● **AIM OF THE TASK**:
From the line containing "Trolley jack 2t" down to the final entry below, restate each line word for word.

● **RECORD EXTRACTS**:
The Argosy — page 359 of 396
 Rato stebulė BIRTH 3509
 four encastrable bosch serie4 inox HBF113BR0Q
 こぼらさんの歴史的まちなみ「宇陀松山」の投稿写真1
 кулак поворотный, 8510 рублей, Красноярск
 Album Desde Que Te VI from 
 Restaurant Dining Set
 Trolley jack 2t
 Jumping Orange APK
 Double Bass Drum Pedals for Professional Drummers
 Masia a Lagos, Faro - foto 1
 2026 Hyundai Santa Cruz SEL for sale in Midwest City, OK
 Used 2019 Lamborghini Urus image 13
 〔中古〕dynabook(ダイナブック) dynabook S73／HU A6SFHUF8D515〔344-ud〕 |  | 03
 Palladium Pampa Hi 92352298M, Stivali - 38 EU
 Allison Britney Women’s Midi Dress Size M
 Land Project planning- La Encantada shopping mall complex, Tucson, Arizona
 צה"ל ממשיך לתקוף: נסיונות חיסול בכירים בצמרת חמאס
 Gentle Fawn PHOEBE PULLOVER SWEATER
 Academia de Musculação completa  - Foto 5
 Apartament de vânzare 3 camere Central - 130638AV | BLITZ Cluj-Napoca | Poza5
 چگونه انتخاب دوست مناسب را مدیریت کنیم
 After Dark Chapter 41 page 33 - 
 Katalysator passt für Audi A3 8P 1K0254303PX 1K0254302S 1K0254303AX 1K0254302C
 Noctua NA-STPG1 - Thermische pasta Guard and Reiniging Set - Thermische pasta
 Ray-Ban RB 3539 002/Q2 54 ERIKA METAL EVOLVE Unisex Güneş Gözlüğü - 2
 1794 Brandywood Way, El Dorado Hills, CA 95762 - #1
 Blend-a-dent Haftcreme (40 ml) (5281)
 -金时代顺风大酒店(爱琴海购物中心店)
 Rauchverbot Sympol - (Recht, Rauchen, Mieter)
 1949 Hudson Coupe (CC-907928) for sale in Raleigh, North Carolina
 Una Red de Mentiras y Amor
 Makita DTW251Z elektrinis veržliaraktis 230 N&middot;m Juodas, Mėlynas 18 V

● **RESPONSE TO THIS EXERCISE**:
 Trolley jack 2t
 Jumping Orange APK
 Double Bass Drum Pedals for Professional Drummers
 Masia a Lagos, Faro - foto 1
 2026 Hyundai Santa Cruz SEL for sale in Midwest City, OK
 Used 2019 Lamborghini Urus image 13
 〔中古〕dynabook(ダイナブック) dynabook S73／HU A6SFHUF8D515〔344-ud〕 |  | 03
 Palladium Pampa Hi 92352298M, Stivali - 38 EU
 Allison Britney Women’s Midi Dress Size M
 Land Project planning- La Encantada shopping mall complex, Tucson, Arizona
 צה"ל ממשיך לתקוף: נסיונות חיסול בכירים בצמרת חמאס
 Gentle Fawn PHOEBE PULLOVER SWEATER
 Academia de Musculação completa  - Foto 5
 Apartament de vânzare 3 camere Central - 130638AV | BLITZ Cluj-Napoca | Poza5
 چگونه انتخاب دوست مناسب را مدیریت کنیم
 After Dark Chapter 41 page 33 - 
 Katalysator passt für Audi A3 8P 1K0254303PX 1K0254302S 1K0254303AX 1K0254302C
 Noctua NA-STPG1 - Thermische pasta Guard and Reiniging Set - Thermische pasta
 Ray-Ban RB 3539 002/Q2 54 ERIKA METAL EVOLVE Unisex Güneş Gözlüğü - 2
 1794 Brandywood Way, El Dorado Hills, CA 95762 - #1
 Blend-a-dent Haftcreme (40 ml) (5281)
 -金时代顺风大酒店(爱琴海购物中心店)
 Rauchverbot Sympol - (Recht, Rauchen, Mieter)
 1949 Hudson Coupe (CC-907928) for sale in Raleigh, North Carolina
 Una Red de Mentiras y Amor
 Makita DTW251Z elektrinis veržliaraktis 230 N&middot;m Juodas, Mėlynas 18 V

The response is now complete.